XPath for Web Scraping with R – Detailed Step by Step Guide

Rounak March 1, 2020 How To Guide 1 Comment

We have already learned about Web Scraping Technology in our previous post Web Scraping Using Beautiful Soup in Python. In addition to that, a learner/developer might also be interested in fetching nodes/elements from the HTML or XML document using XPaths.

XPath For Web Scraping with R:

This article essentially elaborates on XPath and explains how to use XPath for web scraping with R Programming language.

What is XPath

XPath stands for XML Path Language. It is a query language to extract nodes from HTML or XML documents.
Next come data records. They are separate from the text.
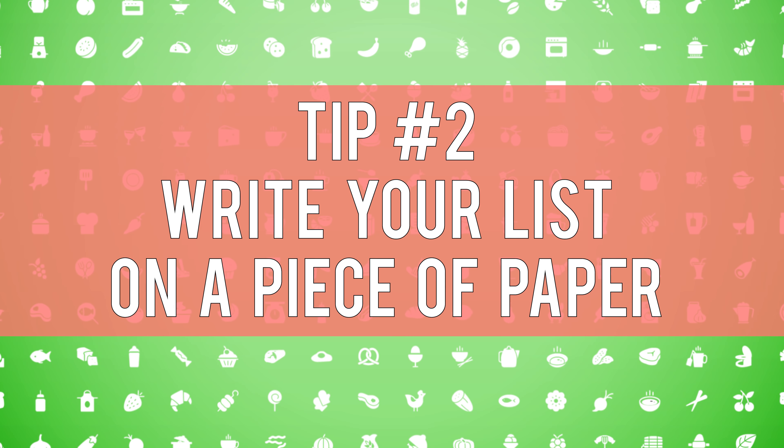Tip two: write your grocery list on a piece of paper. Usually I write my grocery list on my phone, but touching items and then constantly touching my phone seems risky. So during this COVID-19 pandemic, I'm going old school and writing my grocery list on a piece of paper, and then I can just leave my phone in the car.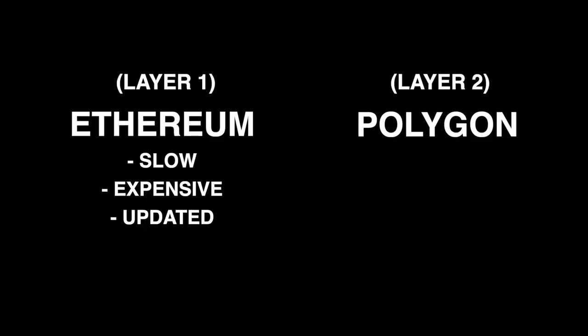Let's cover the fundamentals of Matic first. In order to understand Polygon's network, we need to understand Ethereum — I'm going to keep it very simple. Ethereum is slow, it's expensive, and it needs to be updated. Matic is a Layer 2 scaling solution that helps make the Ethereum network faster, cheaper, and more adoptable.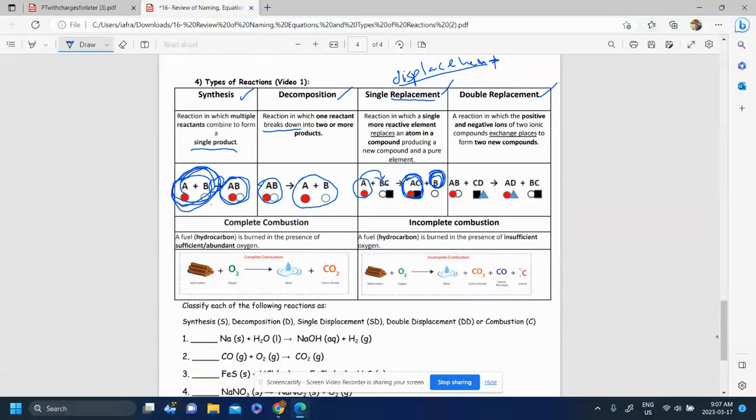A double displacement is a bit of a happier ending. We have two compounds reacting — no elements react, just two compounds — and they switch partners. A goes where C was, C goes where A was, so now A is with D and C is with B. They swapped partners, and in the end no one is alone. Everyone still has a partner, just a different partner. It's called a double displacement or double replacement.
Required Tools and Knowledge

R Programming Language
XML Package
HTML/XML

How to get XPath in Mozilla Firefox Browser

Let us see how to find out XPath of any element on www.opencodez.com using the Mozilla Firefox browser. We want to identify the XPath for the heading text of the first article on the home page. When we right-click on the highlighted element, we can find the Inspect Element option. A screenshot is attached below.

Observing the element HTML Code, we can identify that our target text is contained in the ‘a’ tag. (highlighted in blue at the lower section of the screenshot). Next, we need to right-click on the blue highlight. Another box with several options opens up. Click on “Copy” which will show us new options. There will be an XPath option also. Click on that. Have a look at it in the below screenshot.

Copy this XPath in any text file and check how does it look like. The XPath copied is /html/body/div[2]/div/div/div/div[1]/div[1]/article[1]/header/h2/a.

Absolute and Relative XPath

Absolute Path –

The XPath provided above is called the absolute path. It starts with ‘/’ and traverses from the root node to the target node. Let us take a look if this XPath is correctly identified by Firefox. The set of commands is provided below.

library(XML)
url <- "https://www.opencodez.com/"
source <- readLines(url, encoding = "UTF-8")
parsed_doc <- htmlParse(source, encoding = "UTF-8")
xpathSApply(parsed_doc, path = '/html/body/div[2]/div/div/div/div[1]/div[1]/article[1]/header/h2/a', xmlValue)

library(XML)

url <- "https://www.opencodez.com/"

source <- readLines(url, encoding = "UTF-8")

parsed_doc <- htmlParse(source, encoding = "UTF-8")

xpathSApply(parsed_doc, path = '/html/body/div[2]/div/div/div/div[1]/div[1]/article[1]/header/h2/a', xmlValue)

When we run the commands in R Studio, we find that the result is a NULL. The corrected XPath is provided below.

xpathSApply(parsed_doc, path = '/html/body/div[1]/div[1]/div[1]/div[1]/div[1]/div[1]/article[1]/header/h2/a', xmlValue)

1	xpathSApply(parsed_doc, path = '/html/body/div[1]/div[1]/div[1]/div[1]/div[1]/div[1]/article[1]/header/h2/a', xmlValue)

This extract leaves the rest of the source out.